*** Opening MATERIAL FOR THE TASK ***

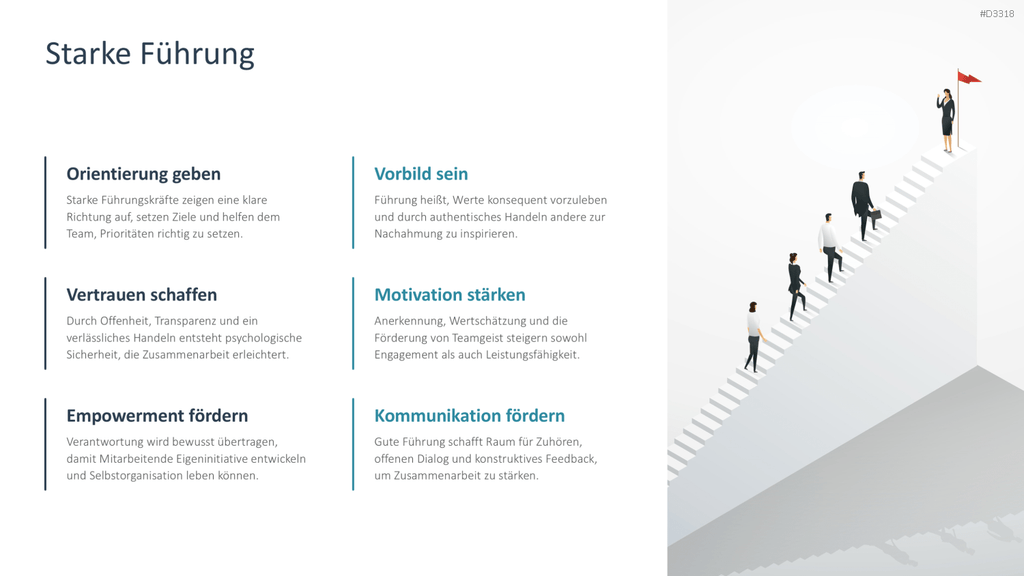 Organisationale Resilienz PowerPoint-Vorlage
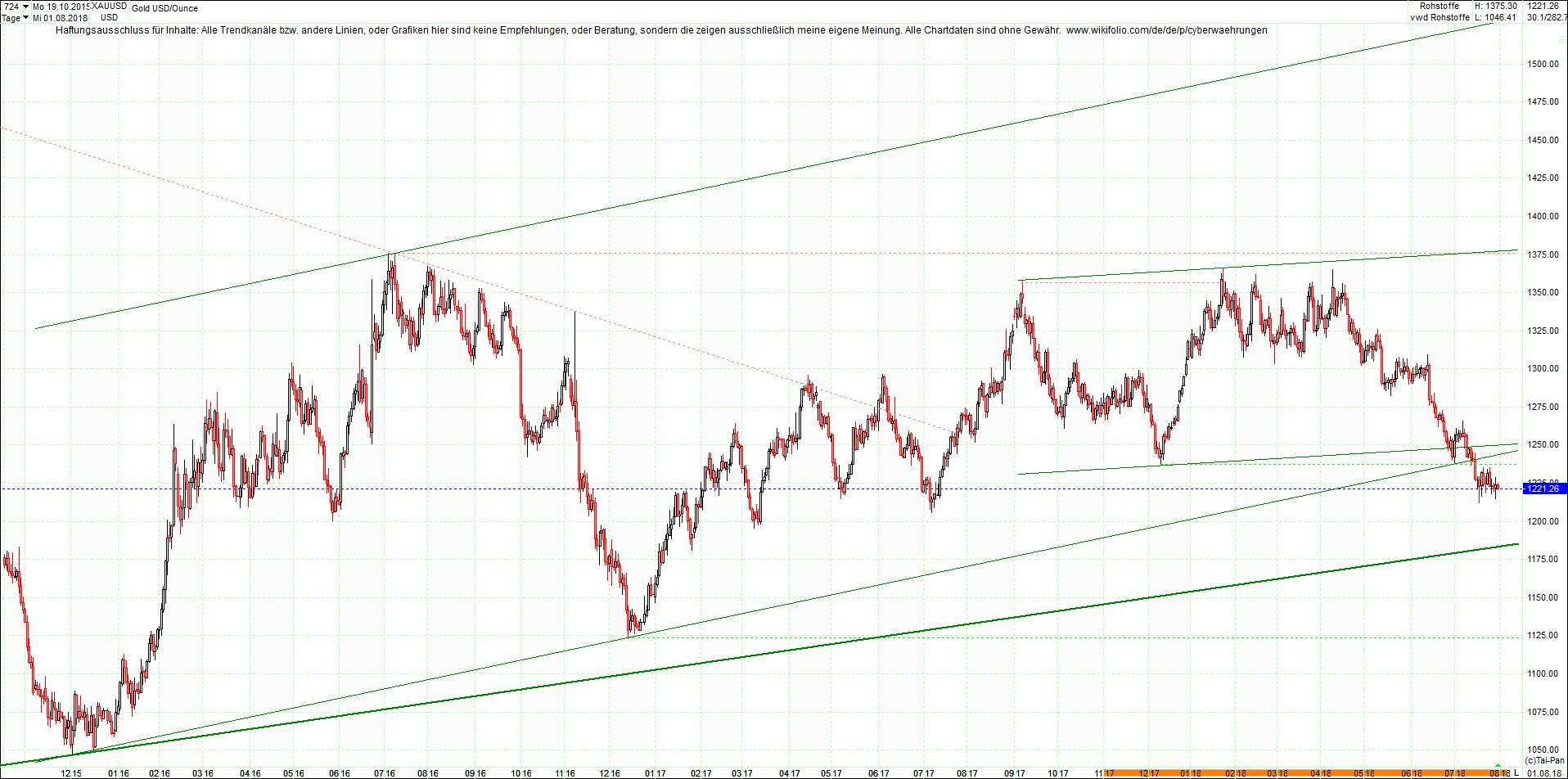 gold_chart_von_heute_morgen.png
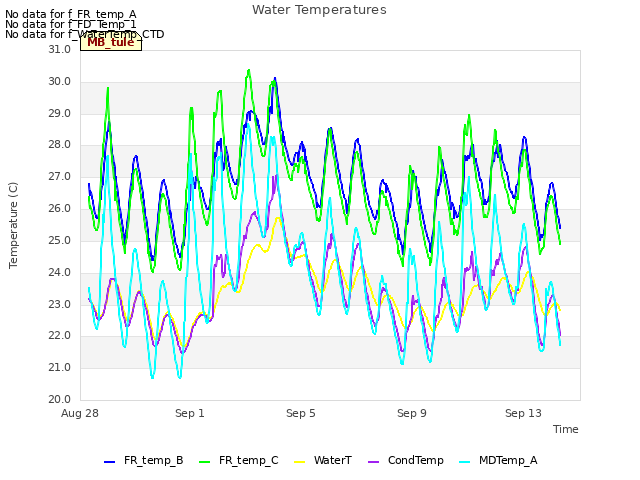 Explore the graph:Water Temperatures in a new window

*** Closing MATERIAL FOR THE TASK ***
*** Opening MATERIAL FOR THE TASK ***

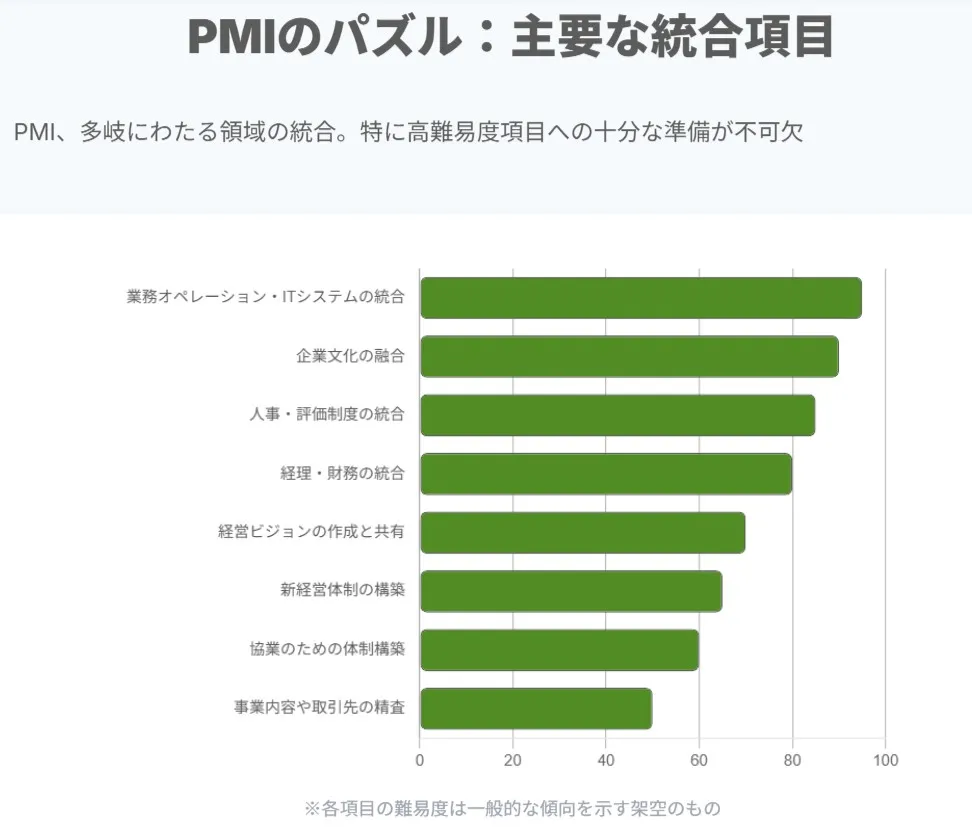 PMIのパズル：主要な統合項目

*** Closing MATERIAL FOR THE TASK ***
*** Opening MATERIAL FOR THE TASK ***

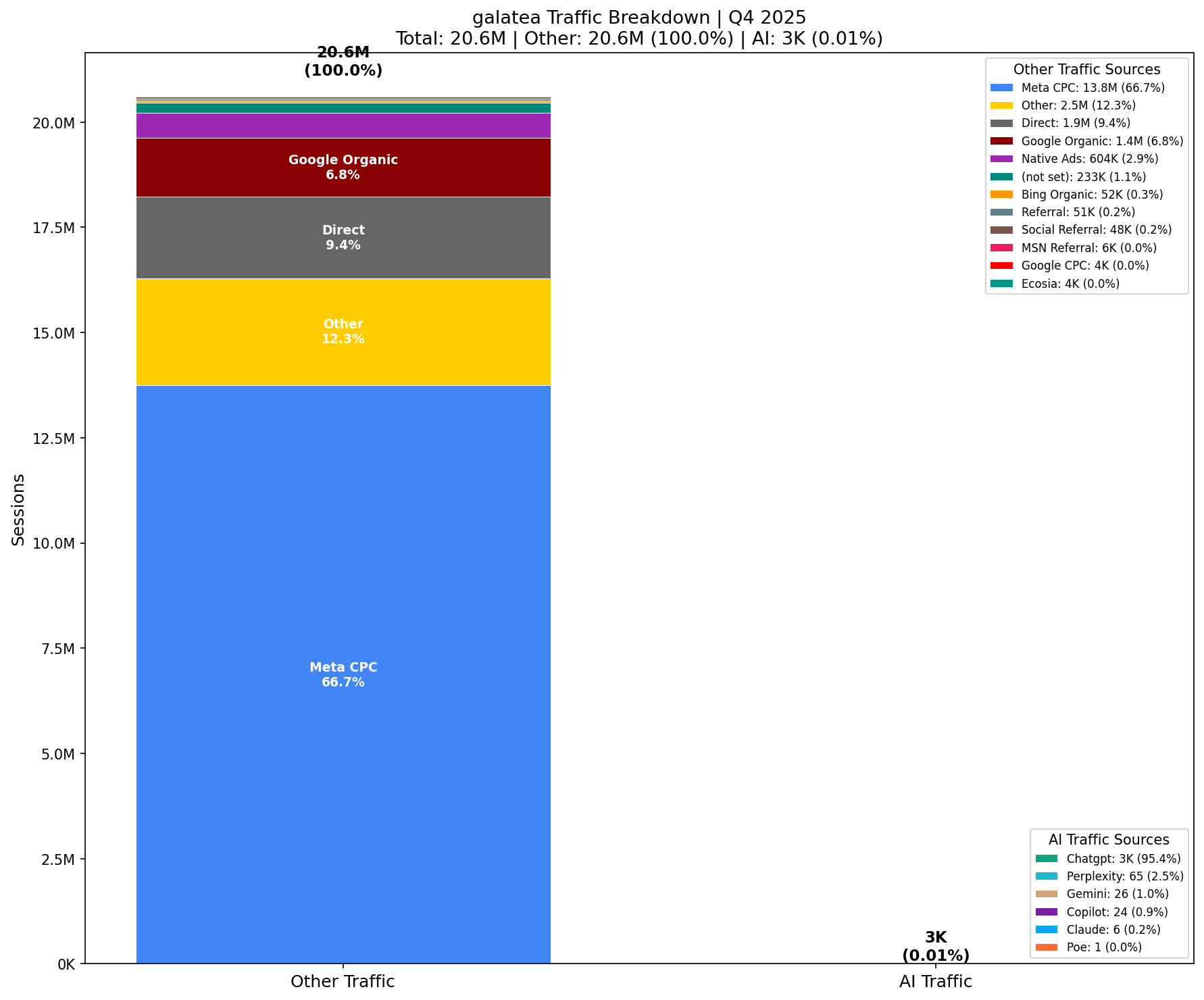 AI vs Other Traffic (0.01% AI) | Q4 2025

*** Closing MATERIAL FOR THE TASK ***

PROBLEM DESCRIPTION =>
Give back exactly, and solely, the section of the data above bounded by the line containing "gold_chart_von_heute_morgen.png" and the line containing "Explore the graph:Water", both bounding lines included and pictures omitted.

THE ANSWER =>
 gold_chart_von_heute_morgen.png
 Explore the graph:Water Temperatures in a new window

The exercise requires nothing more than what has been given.